At first I read that as kiloGRAMS, which of course meant there couldn't be any real competition at ALL, presuming you could even stand up for the first event!
Then I realized you meant $50,000, which brought up the issue of American vs. UK Health care, because at least at its best, the UK National Health Service would make the monetary expenditure irrelevant although the metal's very presence still a burden making your effort to support inclusiveness even more noble.

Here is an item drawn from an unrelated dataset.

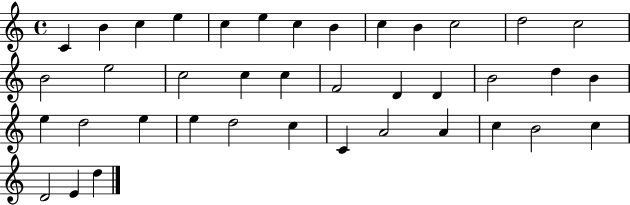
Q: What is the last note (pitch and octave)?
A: D5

And, since we're talking health care expenditures, here's the Scottish NHS tartan, from which I'd like to have cloth for a kilt woven for my lovely retired RN spouse, but the tartan is restricted, and those restrictions make it not currently possible (or even desirable, since I think Lochcarron wove it only in 11 oz cloth):
(Disclaimer: I've never needed medical care in the UK, so I cannot comment on the claim that the tartan's color scheme features those in the uniforms of the Scottish NHS, nor can I comment intelligently about the merits of funding or organization of British/Scottish medical care, although I've been told that whenever someone who's risen to speak about medical issues in Parliament in London causes dismissive murmuring among his colleagues, the surest way to shut them up is to ask with a twinkle in his eye "so, would you advocate replacing it with what the Americans call a "system?" But, of course, I DID have many decades experiencing what was wrong AND right with medical care on my side of the pond).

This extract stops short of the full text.